3.    Section 9.2 is hereby amended to add the following as the last sentence:

“Contributors recognize that irreparable harm will result to SCOLP and Purchasers in the event Contributors fail to comply with any of the covenants or obligations contained in this Section 9.2, including the execution of the representation letter called for in the engagement letter within five (5) business days of SCOLP’s request for such, and agree that in the event of any such failure, SCOLP and Purchasers shall be entitled, in addition to their other legal and equitable remedies and damages, to specifically enforce the Contributors’ covenants and obligations contained in this Section 9.2.”

4.    Section 15.3 is hereby deleted in its entirety and replaced with the following:

“15.3    From and after the Closing Date until the end of the Set Off Period, Contributors, jointly and severally, agree to indemnify, defend and hold harmless Purchasers, SCOLP and their respective successors, assigns, constituent members and partners, employees, agents and representatives (the “Sun Indemnified Parties”), from and against any and all claims, penalties, damages, demands, liabilities, actions, causes of action, costs and expenses (including attorneys' fees and costs), including any losses, costs, liabilities, obligations, damages and expenses as a result of the final settlement or judgment of any Pending Claims (“Losses”) arising out of, as a result of or as a consequence of: (a) the Pre-Closing Liabilities, (b) any litigation disclosed on Exhibit N attached hereto, and (c) any breach by any one or more of the Contributors of any of its/their representations, warranties, or obligations set forth herein or in any other document or instrument delivered by Contributor to SCOLP or Purchaser in connection with and/or relating to the consummation of the transactions contemplated herein.
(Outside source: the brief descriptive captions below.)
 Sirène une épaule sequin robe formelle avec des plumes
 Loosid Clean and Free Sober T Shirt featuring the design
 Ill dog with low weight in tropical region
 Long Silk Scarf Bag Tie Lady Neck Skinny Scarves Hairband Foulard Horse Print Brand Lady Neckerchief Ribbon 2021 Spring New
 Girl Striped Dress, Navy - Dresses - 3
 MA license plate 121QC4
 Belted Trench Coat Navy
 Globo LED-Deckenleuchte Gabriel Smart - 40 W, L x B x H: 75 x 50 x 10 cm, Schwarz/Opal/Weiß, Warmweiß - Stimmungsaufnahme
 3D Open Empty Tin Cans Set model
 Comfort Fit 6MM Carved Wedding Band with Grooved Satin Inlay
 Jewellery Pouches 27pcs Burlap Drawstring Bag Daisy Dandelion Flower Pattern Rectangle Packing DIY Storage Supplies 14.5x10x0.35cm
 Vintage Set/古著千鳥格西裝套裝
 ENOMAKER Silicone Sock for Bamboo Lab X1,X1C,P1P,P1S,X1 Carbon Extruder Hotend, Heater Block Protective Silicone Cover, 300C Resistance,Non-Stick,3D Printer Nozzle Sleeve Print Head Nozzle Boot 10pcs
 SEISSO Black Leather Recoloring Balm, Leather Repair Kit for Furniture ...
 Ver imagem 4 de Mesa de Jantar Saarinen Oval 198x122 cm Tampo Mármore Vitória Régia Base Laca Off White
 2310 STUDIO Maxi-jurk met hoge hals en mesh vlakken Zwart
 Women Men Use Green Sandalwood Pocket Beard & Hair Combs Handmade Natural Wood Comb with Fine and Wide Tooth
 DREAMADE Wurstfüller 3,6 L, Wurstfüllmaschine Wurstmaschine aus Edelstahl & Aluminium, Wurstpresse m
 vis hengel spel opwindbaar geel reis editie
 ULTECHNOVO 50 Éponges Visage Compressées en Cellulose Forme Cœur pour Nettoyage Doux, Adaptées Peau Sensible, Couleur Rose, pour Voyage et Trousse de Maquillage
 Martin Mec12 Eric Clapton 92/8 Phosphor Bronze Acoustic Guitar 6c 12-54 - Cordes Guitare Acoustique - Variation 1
Contributor’s indemnification obligations as set forth herein are in addition to those indemnification obligations set forth in that certain Amended and Restated Indemnity Agreement dated as of the date hereof from the Principals, Herbert Morgan, Ideal Private Resorts LLC, a New York limited liability company, the Project Entities (as defined in the Omnibus Agreement) and Robyn Morgan for the benefit of SCOLP, Sun Communities, Inc. and the Indemnified Parties (the “Indemnity Agreement”). Except as set forth in Section 15.5 below, the aggregate amount payable to the Sun Indemnified Parties, as defined in the Omnibus Agreement, with respect to the all Losses under Section 15.3(c) of this Agreement, Section 15.3(c) of the Other Contribution Agreement, and Sections 8.2 (i), (ii), and (iii) of the Omnibus Agreement shall not exceed an amount equal to the par value of the Secured OP Units, as defined in the Omnibus Agreement (the “Cap”).”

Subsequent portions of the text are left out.